_Work order_
Scan the records below for the line containing "Taylor Swift Full" and the line containing "Cubed by Innovation". Copy both, plus every line between, exactly.

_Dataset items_
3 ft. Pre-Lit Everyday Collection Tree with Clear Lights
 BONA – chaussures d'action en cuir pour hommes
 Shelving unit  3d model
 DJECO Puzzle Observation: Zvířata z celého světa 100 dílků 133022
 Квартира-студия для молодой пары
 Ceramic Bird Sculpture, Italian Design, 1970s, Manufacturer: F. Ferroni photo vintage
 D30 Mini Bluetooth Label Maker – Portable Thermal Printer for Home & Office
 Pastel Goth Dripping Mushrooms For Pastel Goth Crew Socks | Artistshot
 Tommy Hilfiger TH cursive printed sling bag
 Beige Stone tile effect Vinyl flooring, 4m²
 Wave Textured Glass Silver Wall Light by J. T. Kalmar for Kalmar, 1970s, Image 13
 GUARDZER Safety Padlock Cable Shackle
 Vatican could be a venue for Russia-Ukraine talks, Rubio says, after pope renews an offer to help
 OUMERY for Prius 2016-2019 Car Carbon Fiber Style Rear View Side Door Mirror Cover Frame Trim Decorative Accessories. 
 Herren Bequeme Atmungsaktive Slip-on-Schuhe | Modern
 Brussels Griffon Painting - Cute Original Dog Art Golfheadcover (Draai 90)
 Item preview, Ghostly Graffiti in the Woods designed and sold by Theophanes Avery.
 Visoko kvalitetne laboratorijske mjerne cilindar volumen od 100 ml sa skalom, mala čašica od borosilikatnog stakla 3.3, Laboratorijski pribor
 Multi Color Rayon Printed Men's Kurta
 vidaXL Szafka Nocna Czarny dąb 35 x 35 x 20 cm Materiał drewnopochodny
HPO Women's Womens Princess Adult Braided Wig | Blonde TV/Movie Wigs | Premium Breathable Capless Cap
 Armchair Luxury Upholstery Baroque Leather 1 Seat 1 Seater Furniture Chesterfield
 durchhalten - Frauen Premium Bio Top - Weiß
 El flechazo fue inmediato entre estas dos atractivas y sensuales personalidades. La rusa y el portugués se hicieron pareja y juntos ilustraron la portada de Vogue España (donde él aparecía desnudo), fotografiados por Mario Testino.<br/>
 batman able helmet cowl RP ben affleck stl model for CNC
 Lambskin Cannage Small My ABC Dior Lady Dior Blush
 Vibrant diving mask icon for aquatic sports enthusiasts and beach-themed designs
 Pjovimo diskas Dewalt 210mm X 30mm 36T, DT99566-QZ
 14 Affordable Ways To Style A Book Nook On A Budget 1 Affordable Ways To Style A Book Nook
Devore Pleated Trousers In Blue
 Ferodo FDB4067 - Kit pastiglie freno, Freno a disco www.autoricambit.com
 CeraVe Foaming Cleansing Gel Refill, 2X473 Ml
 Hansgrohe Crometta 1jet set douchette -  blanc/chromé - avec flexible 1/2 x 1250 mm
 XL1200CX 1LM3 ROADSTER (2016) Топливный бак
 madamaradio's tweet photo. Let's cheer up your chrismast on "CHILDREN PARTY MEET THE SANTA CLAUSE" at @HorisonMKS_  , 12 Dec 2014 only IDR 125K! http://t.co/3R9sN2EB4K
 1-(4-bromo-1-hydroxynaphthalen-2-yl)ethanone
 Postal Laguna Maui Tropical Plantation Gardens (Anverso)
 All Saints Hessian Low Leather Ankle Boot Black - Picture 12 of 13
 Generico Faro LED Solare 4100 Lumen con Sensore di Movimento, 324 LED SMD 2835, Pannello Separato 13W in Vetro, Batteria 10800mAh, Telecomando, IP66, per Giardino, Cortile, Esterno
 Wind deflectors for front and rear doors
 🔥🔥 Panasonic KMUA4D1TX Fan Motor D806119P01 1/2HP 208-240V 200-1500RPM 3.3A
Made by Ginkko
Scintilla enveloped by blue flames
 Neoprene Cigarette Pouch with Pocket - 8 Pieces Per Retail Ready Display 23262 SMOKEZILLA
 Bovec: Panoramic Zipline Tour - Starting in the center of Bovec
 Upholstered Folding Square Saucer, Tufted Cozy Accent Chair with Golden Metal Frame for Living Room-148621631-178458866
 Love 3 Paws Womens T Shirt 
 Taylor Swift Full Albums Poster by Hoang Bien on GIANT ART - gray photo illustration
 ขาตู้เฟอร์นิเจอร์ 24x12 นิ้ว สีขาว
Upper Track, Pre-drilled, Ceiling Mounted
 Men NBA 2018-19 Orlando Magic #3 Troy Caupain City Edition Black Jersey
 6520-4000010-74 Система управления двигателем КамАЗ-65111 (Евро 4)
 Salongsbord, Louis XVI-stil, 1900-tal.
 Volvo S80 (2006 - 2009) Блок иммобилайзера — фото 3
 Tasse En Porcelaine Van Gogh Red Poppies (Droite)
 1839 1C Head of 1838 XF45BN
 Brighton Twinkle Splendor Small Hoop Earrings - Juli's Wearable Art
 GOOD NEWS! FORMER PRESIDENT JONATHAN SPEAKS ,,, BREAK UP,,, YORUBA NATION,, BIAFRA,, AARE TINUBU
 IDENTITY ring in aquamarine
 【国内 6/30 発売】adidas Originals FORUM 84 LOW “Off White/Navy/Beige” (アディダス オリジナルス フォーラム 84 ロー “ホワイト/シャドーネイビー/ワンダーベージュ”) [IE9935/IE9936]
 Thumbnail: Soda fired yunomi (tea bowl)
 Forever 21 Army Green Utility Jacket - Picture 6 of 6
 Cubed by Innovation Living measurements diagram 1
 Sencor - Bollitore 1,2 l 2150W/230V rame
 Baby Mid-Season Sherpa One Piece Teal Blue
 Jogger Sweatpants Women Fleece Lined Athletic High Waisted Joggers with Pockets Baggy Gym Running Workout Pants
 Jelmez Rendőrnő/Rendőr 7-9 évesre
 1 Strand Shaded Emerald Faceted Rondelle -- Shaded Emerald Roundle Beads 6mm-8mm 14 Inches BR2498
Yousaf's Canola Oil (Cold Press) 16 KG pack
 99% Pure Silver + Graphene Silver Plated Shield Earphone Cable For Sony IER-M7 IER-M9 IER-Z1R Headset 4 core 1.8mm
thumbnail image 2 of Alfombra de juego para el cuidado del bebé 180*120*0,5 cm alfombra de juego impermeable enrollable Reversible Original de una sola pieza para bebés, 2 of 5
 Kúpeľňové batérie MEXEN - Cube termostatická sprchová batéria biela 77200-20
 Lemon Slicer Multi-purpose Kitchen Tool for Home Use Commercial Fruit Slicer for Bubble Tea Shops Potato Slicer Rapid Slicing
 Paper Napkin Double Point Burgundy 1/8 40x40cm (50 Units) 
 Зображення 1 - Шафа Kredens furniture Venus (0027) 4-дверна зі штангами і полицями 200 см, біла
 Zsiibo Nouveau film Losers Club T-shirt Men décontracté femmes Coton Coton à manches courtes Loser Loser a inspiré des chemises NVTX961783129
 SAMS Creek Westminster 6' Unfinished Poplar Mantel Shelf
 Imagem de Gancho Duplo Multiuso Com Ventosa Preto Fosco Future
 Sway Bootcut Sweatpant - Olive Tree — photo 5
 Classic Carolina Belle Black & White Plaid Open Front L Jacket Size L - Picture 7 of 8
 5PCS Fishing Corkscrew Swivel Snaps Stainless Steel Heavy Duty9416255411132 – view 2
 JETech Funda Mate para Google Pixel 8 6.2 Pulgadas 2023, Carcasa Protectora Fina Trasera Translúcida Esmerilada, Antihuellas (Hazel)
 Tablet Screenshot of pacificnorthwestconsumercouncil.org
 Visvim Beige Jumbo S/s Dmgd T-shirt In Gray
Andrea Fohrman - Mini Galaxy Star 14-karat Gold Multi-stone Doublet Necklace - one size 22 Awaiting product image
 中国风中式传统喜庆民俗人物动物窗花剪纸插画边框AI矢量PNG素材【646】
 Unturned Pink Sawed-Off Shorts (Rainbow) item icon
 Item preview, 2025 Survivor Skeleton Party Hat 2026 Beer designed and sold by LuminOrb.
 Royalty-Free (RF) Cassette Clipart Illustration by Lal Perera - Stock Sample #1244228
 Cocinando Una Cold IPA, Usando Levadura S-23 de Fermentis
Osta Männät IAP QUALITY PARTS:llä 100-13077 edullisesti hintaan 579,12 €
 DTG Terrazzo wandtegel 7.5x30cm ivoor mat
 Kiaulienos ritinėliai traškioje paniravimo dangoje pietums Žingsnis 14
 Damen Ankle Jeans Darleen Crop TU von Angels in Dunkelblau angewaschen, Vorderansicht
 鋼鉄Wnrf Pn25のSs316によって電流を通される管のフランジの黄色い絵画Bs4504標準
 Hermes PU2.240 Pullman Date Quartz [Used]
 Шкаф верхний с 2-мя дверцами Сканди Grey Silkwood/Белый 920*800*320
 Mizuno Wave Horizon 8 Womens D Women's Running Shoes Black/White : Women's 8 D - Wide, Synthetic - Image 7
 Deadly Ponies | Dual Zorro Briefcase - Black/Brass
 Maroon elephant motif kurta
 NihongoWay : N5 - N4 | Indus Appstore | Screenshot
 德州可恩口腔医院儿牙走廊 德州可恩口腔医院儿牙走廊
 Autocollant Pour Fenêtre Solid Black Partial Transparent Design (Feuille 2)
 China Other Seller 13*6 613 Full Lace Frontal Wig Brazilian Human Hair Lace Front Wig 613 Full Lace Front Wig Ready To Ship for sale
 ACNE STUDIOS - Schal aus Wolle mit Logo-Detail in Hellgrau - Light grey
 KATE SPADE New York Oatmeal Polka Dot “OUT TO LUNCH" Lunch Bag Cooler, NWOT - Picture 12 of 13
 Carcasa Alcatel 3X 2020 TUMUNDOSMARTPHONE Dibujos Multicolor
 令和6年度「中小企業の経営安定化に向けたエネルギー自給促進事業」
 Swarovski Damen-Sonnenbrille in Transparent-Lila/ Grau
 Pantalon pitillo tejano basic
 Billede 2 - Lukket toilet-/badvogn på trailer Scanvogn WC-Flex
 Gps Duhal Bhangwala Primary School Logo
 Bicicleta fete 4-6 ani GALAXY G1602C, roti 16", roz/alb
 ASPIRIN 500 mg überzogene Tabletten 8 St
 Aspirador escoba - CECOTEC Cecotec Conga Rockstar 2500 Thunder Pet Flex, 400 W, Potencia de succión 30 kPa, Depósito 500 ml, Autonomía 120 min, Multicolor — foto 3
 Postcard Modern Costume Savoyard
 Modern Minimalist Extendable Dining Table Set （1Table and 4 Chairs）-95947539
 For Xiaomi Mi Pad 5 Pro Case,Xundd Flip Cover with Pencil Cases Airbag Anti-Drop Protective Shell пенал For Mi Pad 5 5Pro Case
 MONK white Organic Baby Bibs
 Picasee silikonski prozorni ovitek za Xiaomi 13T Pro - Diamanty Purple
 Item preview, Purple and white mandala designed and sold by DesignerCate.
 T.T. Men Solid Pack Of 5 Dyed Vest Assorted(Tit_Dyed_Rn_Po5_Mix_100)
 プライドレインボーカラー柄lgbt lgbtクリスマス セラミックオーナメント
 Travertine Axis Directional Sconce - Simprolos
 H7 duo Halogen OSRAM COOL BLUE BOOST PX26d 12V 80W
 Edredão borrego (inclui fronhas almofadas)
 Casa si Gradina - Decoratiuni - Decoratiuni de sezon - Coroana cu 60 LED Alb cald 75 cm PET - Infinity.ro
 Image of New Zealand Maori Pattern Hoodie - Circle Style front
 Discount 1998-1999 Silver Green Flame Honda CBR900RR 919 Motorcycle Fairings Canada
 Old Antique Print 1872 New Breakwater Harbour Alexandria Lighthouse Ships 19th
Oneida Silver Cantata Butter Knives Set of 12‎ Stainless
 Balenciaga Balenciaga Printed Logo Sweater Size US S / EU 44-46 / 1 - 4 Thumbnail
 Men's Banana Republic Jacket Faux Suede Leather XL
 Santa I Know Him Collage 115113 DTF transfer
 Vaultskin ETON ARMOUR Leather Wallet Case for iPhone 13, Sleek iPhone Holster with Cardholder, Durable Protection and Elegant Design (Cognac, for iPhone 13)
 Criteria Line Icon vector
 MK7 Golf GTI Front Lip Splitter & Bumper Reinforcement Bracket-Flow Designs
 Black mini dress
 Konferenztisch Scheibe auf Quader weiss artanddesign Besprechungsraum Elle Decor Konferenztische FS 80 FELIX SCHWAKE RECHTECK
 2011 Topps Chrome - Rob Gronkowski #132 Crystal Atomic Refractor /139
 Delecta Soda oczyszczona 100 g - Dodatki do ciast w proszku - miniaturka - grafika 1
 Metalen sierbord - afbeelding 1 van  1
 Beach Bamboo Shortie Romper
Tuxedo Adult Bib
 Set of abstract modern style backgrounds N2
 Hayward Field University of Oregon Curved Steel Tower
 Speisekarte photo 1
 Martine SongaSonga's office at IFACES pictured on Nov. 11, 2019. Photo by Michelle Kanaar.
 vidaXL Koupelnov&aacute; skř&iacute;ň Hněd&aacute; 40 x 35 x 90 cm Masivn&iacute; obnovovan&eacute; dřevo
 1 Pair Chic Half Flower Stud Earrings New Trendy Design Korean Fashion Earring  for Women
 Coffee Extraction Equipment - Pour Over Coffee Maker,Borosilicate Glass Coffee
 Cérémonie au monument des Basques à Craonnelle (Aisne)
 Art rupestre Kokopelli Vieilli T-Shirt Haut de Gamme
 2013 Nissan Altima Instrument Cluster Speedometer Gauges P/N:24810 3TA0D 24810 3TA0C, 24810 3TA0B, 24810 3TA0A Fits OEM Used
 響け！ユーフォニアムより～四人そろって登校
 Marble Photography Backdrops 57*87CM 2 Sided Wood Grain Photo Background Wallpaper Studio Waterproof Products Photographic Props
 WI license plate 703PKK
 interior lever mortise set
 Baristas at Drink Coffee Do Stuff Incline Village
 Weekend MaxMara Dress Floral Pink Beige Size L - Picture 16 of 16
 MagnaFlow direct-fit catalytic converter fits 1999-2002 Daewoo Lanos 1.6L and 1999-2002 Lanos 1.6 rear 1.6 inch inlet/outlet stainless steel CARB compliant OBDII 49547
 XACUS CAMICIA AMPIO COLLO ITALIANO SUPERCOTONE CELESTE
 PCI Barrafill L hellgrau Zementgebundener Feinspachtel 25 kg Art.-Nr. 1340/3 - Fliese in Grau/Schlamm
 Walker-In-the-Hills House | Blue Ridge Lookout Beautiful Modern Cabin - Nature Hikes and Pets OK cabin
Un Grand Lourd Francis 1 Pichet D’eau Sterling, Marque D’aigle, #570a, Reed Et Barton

_Written response_
 Taylor Swift Full Albums Poster by Hoang Bien on GIANT ART - gray photo illustration
 ขาตู้เฟอร์นิเจอร์ 24x12 นิ้ว สีขาว
Upper Track, Pre-drilled, Ceiling Mounted
 Men NBA 2018-19 Orlando Magic #3 Troy Caupain City Edition Black Jersey
 6520-4000010-74 Система управления двигателем КамАЗ-65111 (Евро 4)
 Salongsbord, Louis XVI-stil, 1900-tal.
 Volvo S80 (2006 - 2009) Блок иммобилайзера — фото 3
 Tasse En Porcelaine Van Gogh Red Poppies (Droite)
 1839 1C Head of 1838 XF45BN
 Brighton Twinkle Splendor Small Hoop Earrings - Juli's Wearable Art
 GOOD NEWS! FORMER PRESIDENT JONATHAN SPEAKS ,,, BREAK UP,,, YORUBA NATION,, BIAFRA,, AARE TINUBU
 IDENTITY ring in aquamarine
 【国内 6/30 発売】adidas Originals FORUM 84 LOW “Off White/Navy/Beige” (アディダス オリジナルス フォーラム 84 ロー “ホワイト/シャドーネイビー/ワンダーベージュ”) [IE9935/IE9936]
 Thumbnail: Soda fired yunomi (tea bowl)
 Forever 21 Army Green Utility Jacket - Picture 6 of 6
 Cubed by Innovation Living measurements diagram 1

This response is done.